Thursday, August 09, 2007

Polly Hari

How can a person be so consistently wrong? Easy, be an over-paid left-wing polemicist in one of the nation's less discriminating viewspapers. (Interestingly, I am not sure Tony realises it is an insult?) So, taking on, as he has, this mantle of cretinous metro-socialism, channelling the very witch-queen herself, let's have a look at his latest ouvre:
One of the most gnarled and disingenuous clichés about Britain is that while our cities are coddled, the countryside is forgotten. The semi-feudal writers at The Telegraph and other temples of right-wing opinion proclaim incessantly that in the national distribution of resources, London always trumps Cumbria, and Glasgow always trumps Dorset. Now that foot-and-mouth disease has somehow seeped out of an American pharmaceutical lab and into the animal population, this complaint is poised to become the casual received wisdom once again.

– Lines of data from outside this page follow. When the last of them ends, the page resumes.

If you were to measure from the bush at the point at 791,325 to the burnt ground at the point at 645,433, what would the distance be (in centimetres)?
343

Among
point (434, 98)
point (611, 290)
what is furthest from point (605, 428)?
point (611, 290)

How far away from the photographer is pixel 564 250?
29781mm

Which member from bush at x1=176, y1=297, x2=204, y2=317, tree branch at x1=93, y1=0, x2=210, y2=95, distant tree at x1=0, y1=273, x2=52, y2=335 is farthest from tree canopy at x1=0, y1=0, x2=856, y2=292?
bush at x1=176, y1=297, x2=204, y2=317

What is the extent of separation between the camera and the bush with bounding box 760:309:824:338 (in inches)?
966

Apart from the not-nearly as casual as it looks ad-hominem attack, we have one of the usual evidence free clichés of lefty journalism - attack the Americans. Everything must be their fault. Apart from the fact that this is a government laboratory and, even if the point source was their American tenant, the government would be responsible both for setting the biohazard containment levels and for verifying their effectiveness ...

But far from taking our cities too seriously, we treat their fate with a glib and casual self-assurance. By contrast, every single rural worry, no matter how unjustified, is given a wildly disproportionate weight in the national debate. If you want evidence, there are two fat examples this summer. If foot-and-mouth disease has carried beyond the initial Ground Zero, we will swiftly proceed - as we did in 2001 - to kick a hefty dent in our second biggest national industry, tourism, to rescue a tiny and economically worthless beef export market.
Olympics 2012, which will starve funding from the whole of the UK to dump benefit where, exactly. Hmm, London. But, I digress.

And, at the same time, we may be poised to hand the mayoralty of our biggest city to a reactionary rural clown.

Better that than a jihadi-embracing racist newt-fancier but that's just my opinion.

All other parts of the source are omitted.